Friedrich Ludwig Wilhelm Carl Borckenhagen (15 July 1850 – 17 June 1917) was an Admiral in the Imperial German Navy. He was also an influential writer on naval strategy, and pivotal in introducing the ideas of geostrategist Alfred Thayer Mahan into the German Empire.

==Early life and career==
Borckenhagen was born in the Rodenbeck subdistrict of Minden, Westphalia, the son of Johann Ludwig Friedrich Borckenhagen (1818-1870), and his wife Julie Emilie Helene Seydel (1820-1888). His younger brother Carl Borckenhagen was later to emigrate to South Africa and become an immensely powerful political leader there.

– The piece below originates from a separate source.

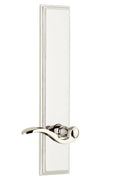 Polished Nickel Tall Plate Privacy Lever V5718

He joined the Prussian Navy as a young cadet on 26 April 1868, and went to sail with the frigates Gefion and Niobe, as well as the battleships König Wilhelm and Elisabeth. In 1871 he served in the Baltic Ostseeflotte before studying further at the Naval Academy in Kiel.

In Berlin, on 25 September 1881, he married Margarete Clara Kapp (daughter of Friedrich Kapp and Louise Engels) and the couple had two daughters, Luise and Fritze.

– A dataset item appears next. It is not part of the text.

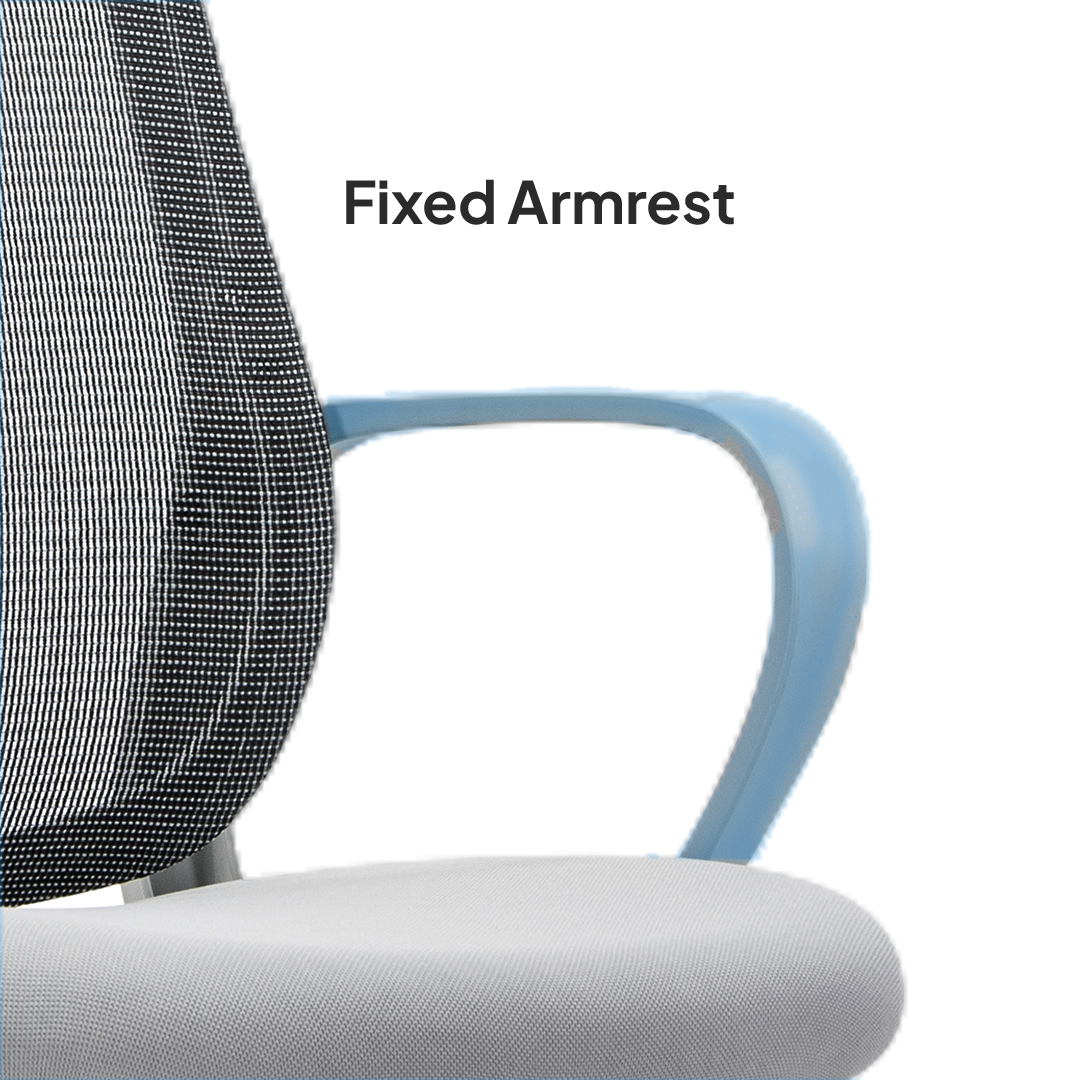 DELARO Low Back Grey Office Chair Kursi Kantor Ergonomis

==Influence on naval strategy==
In the ensuing years he rapidly rose in rank, alternating his successively higher commands with further studies at the Kiel Naval Academy.

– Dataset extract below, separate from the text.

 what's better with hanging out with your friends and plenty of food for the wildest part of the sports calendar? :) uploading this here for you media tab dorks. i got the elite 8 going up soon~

At this time, he also authored a series of enormously influential papers on naval strategy. Two of his early review articles constituted the first discussion on naval power and strategy in the German Empire. He also introduced the ideas of geostrategist Alfred Thayer Mahan to the Prussian Empire, even personally translating Mahan's work, "The Influence of Sea Power upon History" into German.

While Borckenhagen greatly emphasized the lag in naval development between Germany and its competitors, many of his recommendations centered on the principal need for the Prussian military to invest heavily in naval power. This suggestion, which drew from his study of history and of Mahan's writings, was subsequently taken to the extreme by the Kaiser's government, and led Germany to engage in the Anglo-German naval arms race.

==High command and admiralty==

Portion of the Imperial High Seas Fleet

In the 1890s, he commanded a range of battleships, whilst also serving in the Naval High Command.

After successfully serving in the far East, he rose to be Chief of Staff and 2 Admiral of the 1st Squadron. In early 1903, he became the first commander of I Scouting Group, the main reconnaissance force for the German fleet. He served as director of the Naval Academy from 22 September 1903 (the second independent director in its history), then from 30 March 1907 as Inspector of Education for the Navy. In an unusually egalitarian move, he was influential in proposing that study of naval history and strategy should be made available even to the lowest-ranking naval staff.

He was recalled back to service as Admiral at the beginning of the First World War. However his utility in the field of strategy and planning caused him to be posted as Reichskommissar at the Oberprisengericht in Berlin, where he served until his death on 17 June 1917.